To those interested in the history of logic and computation, and the relationship between them (and algebra) -- which, BTW, was not at all accidental or surprising but completely by design -- I've compiled an anthology of mostly primary sources starting with Aristotle and going up to the 1950s: https://pron.github.io/computation-logic-algebra
Over the course of a few weeks, I've been going through your "History of Computation, Logic and Algebra". I just wanted to say, brilliant work, thank you! The way you present the history is really insightful in understanding the current of philosophy and ideas that led up to our modern conception and use of computation.
I just want to thank you for all you work! I have enjoyed your answers and content in the past, and I will continue to do so, be it as a PhD. or as a hobbyist :)
I’ve taken some graduate courses in programming languages where I’ve learned about the lambda calculus and about type theory, and I really appreciate this post since this provides a nice timeline of how programming language theory has evolved. One topic I’m very interested in is how computation can be expressed in many different ways and the tradeoffs behind various expressions.
I apologize if this is off-topic, but I wonder if there has been work done on algorithm analysis using the lambda calculus? The texts that I’ve read on algorithms describe the algorithms using procedural code, and then the analysis is done on the amount of procedures that get called. However, I would imagine that the description would be different for non-procedural styles of programming. I’ve heard of a book called “Functional Data Structures” but I haven’t read it yet. I’m wondering if there has been work done on algorithm analysis at the lambda calculus level.
It's an interesting question that poses interesting problems.
The main problem is that beta reduction is an awkward operation from the perspective of computational complexity, which is a fairly fundamental concept in algorithm analysis. There's a discussion of that here:
P.S: Purely Functional Data Structures is a great book. It's focus is more on the implementation details of algorithms in a functional language (ML), and the necessary abstractions.
It's not an analysis of algorithms within a formal model, like lambda calculus.
Right. The naive way to do complexity analysis of a lambda calculus algorithm is to count β-reductions; but it's immediately clear that the cost of a β-reduction (which is basically a string substitution) is proportional to the length of the program.

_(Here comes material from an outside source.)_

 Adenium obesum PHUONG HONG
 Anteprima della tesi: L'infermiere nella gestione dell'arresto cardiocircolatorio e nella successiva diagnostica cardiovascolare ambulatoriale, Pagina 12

Here is a simple lambda calculus program:
((λ x . (x x)) (λ y . y))
If we apply the β-reduction rule once, we obtain:
((λ y . y) (λ y . y))
However, in order to perform this operation, we have to imagine the program as a string and stepping through the entire program symbol by symbol, either copying it unchanged (if it's not "x") or replacing it by "(λ y . y)" (if it is "x".) This in an O(m) algorithm, where m is the symbol length of the program. That is how a Turing machine emulating the lambda calculus would have to do it, for example. Surely we should prefer to analyze our algorithms in terms of atomic operations that can be implemented in O(1) on a Turing machine, no?
Space complexity is also an issue; if our program expands to m symbols, surely space complexity is at least O(m) as well?

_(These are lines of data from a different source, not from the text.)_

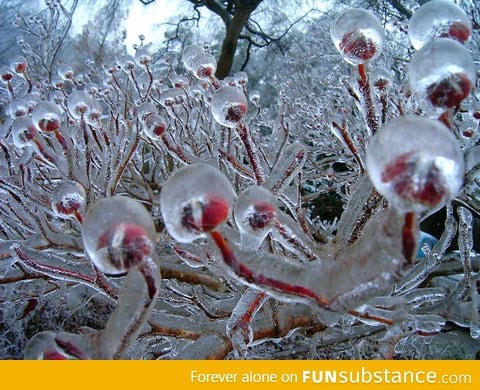 Frozen Flower Buds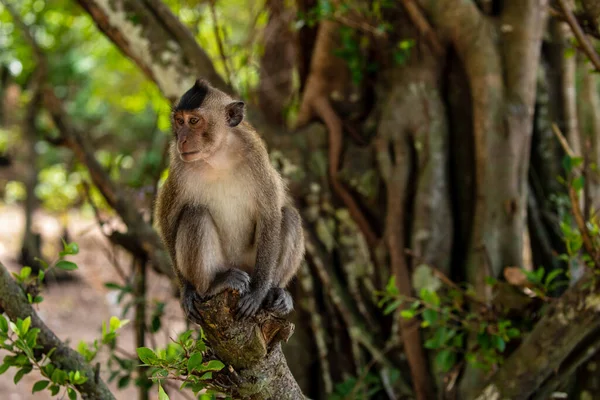 Makaken Von Con Dao Vietnam — Stockfoto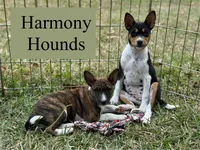 Upcoming Basenji Puppies, a  Basenji for sale in Nicholls, GA – Photo 8 of 10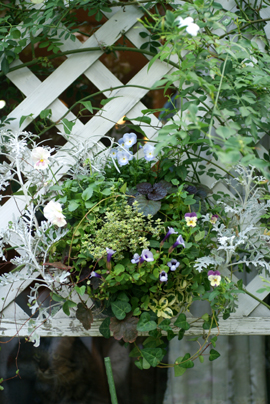 f0166982_20102226.jpg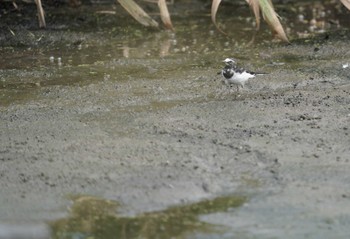 セグロセキレイ 矢橋帰帆島 (滋賀県草津市) 2020年9月20日(日)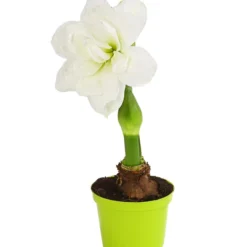 Amaryllis - Hippeastrum Hybride 'Alfresco'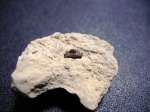 Mesodmodus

Worse yet, β-"reductions" don't necessarily make the program shorter; and it can expand to arbitrary size before it starts to get smaller. It's not usually obvious how m (length of the program) is related to n (number of elements acted on, in the usual O(n) sense.)

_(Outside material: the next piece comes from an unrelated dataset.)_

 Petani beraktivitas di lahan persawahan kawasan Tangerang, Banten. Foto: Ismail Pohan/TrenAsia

An "awkward operation from the perspective of computational complexity" indeed!
A β-reduction is basically the same as a function call, we know how to implement those, and they take constant time. Your example could be directly interpreted as a program in e.g. Lisp or ML, and there the function call is definitely not implemented by stepping through the entire program symbol by symbol.
I think the issue in the stackoverflow post above is that the lambda calculus is nondeterministic, so if you try to define the cost as the smallest number of β-reductions to reduce a term to a value, then you're in trouble because it's in general very hard to figure out what the optimal way of reducing a program would be. But that also shows that it's a completely unrealistic model. Surely what we should do is pick an evaluation order, e.g. call-by-value, and then count the number of reductions there. This corresponds to what actually happens when you run your program on a real computer.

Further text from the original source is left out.